É ancora scontro tra governo e regioni sui parametri che oggi determinano il passaggio di colore. Per i governatori sarebbe preferibile dimenticare giallo, rosso ed arancione passando ad un sistema semplice con tre livelli di rischio. I criteri vanno cambiati anche alla luce della campagna vaccinale e su questo punto concordano ora persino i tecnici più rigoristi. Ma sulla strada da intraprendere l'accordo è ancora lontano. Il pomo della discordia è l'Rt, il famigerato indice di trasmissione che da settimane è sotto attacco da parte della Conferenza delle Regioni perché rischia di far ricadere in zona arancione, o peggio ancora rossa, aree che in realtà non sono sotto stress dal punto di vista epidemico. Ed ecco che si affaccia l'ipotesi di privilegiare l'Rt ospedaliero, ovvero il tasso di occupazione dei posti letto anche in terapia intensiva. Ipotesi sulla quale ci sarebbe una convergenza, anche se non unanimità, all'interno del Comitato tecnico scientifico.

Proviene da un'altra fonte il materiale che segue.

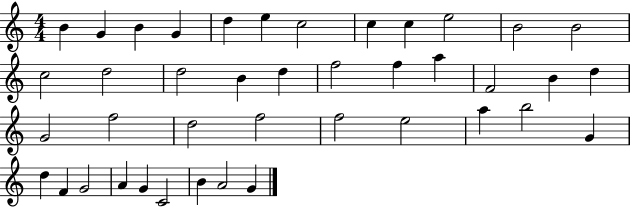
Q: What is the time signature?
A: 4/4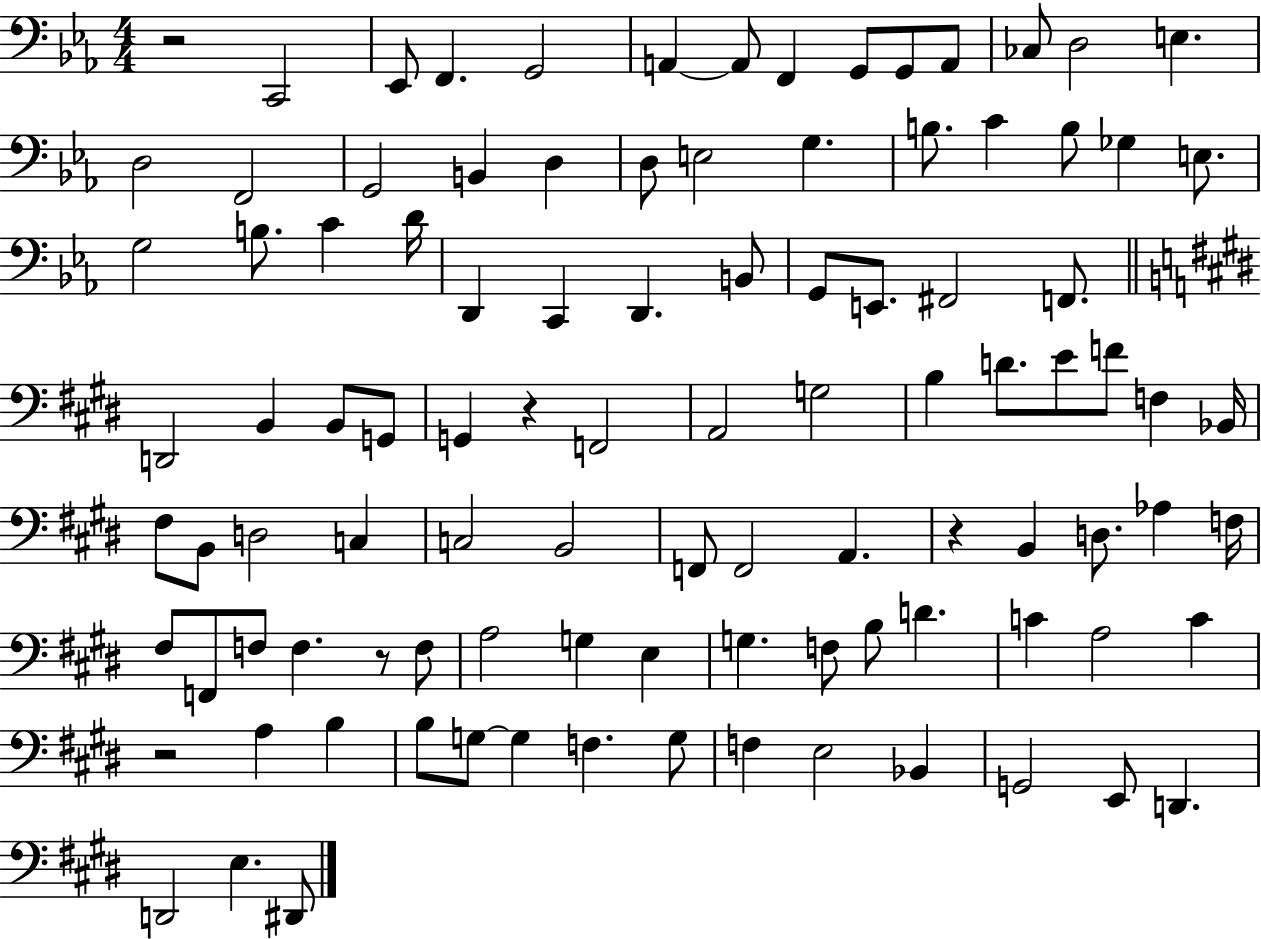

Ma il governatore della Liguria, Giovanni Toti, alza subito il tiro perchè si potrebbe verificare un paradosso: «Se a inizio settimana ho due posti letto occupati e diventano quattro, l' Rt ospedaliero aumenta del 100%. Ma è evidente che quattro posti letto occupati non sono un'emergenza», avverte.
Insomma trovare il punto di caduta non sarà facile anche se tutti concordano che vada assolutamente valutato il criterio della quota di vaccinati: l'immunizzazione progressiva della popolazione permette sicuramente di allentare gradualmente le misure di restrizione.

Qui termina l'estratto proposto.